Закрепите прокладку на наконечнике шприца с помощью клея или парапленки. Чтобы изучить морфологию одиночных электропорированных CGN из сагиттальных срезов мозга экспериментального щенка, сделайте снимки Z-стека с размером 0,5 микрометра на стек на конфокальный микроскоп. Изображение по одной ячейке на окно изображения, чтобы упростить анализ изображений и 3D-реконструкцию.

Проанализируйте длину нейрита и образование дендритного когтя вслепую, используя простой индикатор нейритов. Загрузите одноканальные Z-stack изображения электропорированных CGN на Фиджи и нажмите «Плагины»Сегментация«и Simple Neurite Tracer«Выберите «Создать новый 3D-просмотрщик»из выпадающего меню. Прокрутите до основания дендрита, соединяющегося с клеточной сомой и начните путь, нажав на соединение.

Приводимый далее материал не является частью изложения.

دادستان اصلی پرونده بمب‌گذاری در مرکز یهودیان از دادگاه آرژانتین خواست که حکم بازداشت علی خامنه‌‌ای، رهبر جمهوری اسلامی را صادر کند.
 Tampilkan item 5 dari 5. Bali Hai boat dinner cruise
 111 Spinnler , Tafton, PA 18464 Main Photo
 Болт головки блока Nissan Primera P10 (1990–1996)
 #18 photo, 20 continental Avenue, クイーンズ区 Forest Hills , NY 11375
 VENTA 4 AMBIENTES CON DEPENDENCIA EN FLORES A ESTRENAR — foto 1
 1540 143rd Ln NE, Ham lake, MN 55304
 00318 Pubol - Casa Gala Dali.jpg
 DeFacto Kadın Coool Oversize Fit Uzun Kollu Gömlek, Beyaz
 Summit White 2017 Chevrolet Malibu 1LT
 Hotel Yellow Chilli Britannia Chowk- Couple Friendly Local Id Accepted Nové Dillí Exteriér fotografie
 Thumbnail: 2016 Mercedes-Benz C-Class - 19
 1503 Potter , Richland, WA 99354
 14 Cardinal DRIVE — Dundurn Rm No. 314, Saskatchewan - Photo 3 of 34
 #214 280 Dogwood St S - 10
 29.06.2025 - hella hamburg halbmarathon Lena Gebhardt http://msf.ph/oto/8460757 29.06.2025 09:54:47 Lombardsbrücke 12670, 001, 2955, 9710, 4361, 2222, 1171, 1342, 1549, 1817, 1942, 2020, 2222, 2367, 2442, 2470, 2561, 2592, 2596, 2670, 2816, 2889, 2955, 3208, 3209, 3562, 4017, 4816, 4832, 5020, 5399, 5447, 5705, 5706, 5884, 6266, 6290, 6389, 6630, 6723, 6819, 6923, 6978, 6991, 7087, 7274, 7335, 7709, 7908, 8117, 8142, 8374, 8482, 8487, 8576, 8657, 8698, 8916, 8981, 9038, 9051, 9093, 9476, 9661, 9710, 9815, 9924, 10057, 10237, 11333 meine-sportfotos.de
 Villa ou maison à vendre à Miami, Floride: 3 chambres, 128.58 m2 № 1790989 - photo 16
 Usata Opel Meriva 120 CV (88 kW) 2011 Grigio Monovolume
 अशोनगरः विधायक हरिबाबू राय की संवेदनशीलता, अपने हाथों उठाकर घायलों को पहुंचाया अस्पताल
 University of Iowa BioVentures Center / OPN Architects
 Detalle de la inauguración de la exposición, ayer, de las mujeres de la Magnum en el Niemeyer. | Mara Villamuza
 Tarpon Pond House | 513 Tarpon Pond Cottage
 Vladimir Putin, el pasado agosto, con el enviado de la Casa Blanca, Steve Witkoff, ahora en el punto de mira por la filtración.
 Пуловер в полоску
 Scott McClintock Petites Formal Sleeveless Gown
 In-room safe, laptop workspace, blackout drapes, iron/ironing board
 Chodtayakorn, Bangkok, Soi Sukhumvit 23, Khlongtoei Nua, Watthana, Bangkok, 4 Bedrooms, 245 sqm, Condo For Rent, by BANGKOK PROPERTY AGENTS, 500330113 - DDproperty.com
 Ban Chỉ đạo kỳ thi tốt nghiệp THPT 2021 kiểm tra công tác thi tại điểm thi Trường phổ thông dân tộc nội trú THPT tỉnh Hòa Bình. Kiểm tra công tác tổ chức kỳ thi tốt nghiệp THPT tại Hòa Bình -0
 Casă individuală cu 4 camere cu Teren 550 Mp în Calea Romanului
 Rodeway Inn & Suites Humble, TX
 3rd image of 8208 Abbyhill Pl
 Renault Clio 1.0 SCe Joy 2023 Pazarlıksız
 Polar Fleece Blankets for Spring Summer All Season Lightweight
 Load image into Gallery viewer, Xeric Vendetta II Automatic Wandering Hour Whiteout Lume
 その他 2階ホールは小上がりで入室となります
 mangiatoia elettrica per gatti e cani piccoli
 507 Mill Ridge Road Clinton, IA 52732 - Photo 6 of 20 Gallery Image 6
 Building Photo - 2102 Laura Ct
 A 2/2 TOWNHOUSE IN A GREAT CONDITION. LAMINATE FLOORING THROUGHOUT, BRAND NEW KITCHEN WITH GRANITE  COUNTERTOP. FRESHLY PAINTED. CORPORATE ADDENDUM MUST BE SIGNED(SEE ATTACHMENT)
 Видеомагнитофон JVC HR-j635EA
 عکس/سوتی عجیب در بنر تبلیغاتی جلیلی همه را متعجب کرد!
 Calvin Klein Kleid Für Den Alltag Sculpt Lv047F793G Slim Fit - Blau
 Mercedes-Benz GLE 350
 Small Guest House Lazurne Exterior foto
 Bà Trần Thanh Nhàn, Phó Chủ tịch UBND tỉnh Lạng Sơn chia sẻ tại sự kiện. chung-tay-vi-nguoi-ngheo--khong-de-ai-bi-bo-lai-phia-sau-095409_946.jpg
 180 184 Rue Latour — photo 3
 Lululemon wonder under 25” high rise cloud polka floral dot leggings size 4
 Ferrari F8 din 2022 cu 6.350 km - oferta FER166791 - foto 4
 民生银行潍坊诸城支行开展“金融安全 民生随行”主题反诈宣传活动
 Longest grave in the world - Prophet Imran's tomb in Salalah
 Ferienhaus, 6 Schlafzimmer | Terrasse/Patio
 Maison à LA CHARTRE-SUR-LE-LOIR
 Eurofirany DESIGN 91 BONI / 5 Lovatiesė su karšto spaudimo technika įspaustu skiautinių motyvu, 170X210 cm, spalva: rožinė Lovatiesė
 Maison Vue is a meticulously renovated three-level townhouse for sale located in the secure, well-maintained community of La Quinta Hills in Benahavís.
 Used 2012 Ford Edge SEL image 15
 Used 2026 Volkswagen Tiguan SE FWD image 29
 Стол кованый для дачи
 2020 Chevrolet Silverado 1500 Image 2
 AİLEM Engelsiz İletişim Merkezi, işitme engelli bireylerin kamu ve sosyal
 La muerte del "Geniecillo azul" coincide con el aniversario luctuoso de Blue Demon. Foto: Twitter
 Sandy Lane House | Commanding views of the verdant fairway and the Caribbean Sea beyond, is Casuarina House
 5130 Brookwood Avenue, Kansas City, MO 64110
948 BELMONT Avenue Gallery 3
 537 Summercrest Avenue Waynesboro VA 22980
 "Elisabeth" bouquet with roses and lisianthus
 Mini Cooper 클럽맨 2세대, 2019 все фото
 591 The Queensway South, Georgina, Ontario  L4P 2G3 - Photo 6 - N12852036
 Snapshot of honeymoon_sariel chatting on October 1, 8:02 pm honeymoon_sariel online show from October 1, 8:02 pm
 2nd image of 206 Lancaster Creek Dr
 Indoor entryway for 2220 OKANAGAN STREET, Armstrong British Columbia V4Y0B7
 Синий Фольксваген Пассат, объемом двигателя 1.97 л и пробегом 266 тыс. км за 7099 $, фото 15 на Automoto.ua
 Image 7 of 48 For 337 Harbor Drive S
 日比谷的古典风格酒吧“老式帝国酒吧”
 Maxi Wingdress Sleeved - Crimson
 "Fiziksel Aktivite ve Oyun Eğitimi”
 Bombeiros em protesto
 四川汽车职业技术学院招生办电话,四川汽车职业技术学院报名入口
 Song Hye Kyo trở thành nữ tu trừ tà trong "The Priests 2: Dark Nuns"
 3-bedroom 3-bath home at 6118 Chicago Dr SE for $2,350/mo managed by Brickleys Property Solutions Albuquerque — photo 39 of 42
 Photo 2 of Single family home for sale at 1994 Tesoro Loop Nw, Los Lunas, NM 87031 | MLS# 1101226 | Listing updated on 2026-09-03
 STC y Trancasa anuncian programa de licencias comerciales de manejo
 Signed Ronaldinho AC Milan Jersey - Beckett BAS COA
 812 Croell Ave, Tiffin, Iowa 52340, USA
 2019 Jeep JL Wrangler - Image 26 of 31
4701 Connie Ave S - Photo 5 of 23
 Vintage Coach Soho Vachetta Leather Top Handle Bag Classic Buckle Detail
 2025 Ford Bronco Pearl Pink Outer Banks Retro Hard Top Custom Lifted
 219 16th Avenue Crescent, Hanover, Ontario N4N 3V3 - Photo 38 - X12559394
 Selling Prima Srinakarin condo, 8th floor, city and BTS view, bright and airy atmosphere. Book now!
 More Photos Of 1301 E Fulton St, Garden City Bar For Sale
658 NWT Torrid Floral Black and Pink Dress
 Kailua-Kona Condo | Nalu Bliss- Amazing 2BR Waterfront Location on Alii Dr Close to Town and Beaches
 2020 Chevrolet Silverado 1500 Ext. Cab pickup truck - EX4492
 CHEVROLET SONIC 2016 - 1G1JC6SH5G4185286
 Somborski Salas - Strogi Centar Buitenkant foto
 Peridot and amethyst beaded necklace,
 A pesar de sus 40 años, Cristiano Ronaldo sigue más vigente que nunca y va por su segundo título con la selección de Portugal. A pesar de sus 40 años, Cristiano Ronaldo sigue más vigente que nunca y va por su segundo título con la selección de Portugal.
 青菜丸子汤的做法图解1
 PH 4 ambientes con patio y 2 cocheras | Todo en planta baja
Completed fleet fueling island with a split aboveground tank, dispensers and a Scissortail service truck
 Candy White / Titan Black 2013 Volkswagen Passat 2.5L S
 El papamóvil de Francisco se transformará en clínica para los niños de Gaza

Вручную проведите трассировку пути, щелкнув участки, где сигнал заполнения ячейки наиболее яркий, и нажав клавишу Y, чтобы сохранить трассировку. Проведите до конца дендрита и подтвердите путь, нажав F.В качестве альтернативы проведите до основания когтя. Далее проведите коготь от основания конструкции до конца самого длинного нейрита.

Отследите вторичные и третичные ветви, удерживая нажатой клавишу Control в Windows или ALT в macOS и щелкнув путь. Подтвердите путь, нажав клавишу F.Обратите внимание, что измерения следов видны в отдельном окне. Сложите все размеры ветвей когтя, чтобы получить общую длину каждого когтя.

В репрезентативном анализе проекционные изображения электропорированных CGN от 3 до 14 дней после инъекции показали прогрессирующее снижение количества дендритов. CGN претерпели фазу дендритного роста с последующим уточнением с 3 DPI до 7 DPI, что привело к обрезке более 50% избыточных дендритов. Это событие совпадает с постепенным удлинением оставшихся беседок при образовании когтевидных структур в конце каждого дендрита, что указывает на то, что эти процессы развития происходят одновременно.

При 7 DPI когти были обнаружены примерно на 75% дендритов. Каждый меченый CGN был реконструирован в NMRS для количественной оценки общей площади и объема сомато-дендритной поверхности. Существенной разницы в размере CGN на протяжении всей разработки не наблюдалось.

Несмотря на то, что при 7 DPI CGN показали значительное снижение объема на 20% по сравнению с 3, 5 и 10 DPI. Самое главное в процедуре – точно локализовать мозжечок перед инъекцией. Метод может быть адаптирован для генетического манипулирования генами in vivo для изучения их роли в развитии гранулярных нейронов путем трансфекции либо шРНК, либо миРНК, либо Cre Recombinase.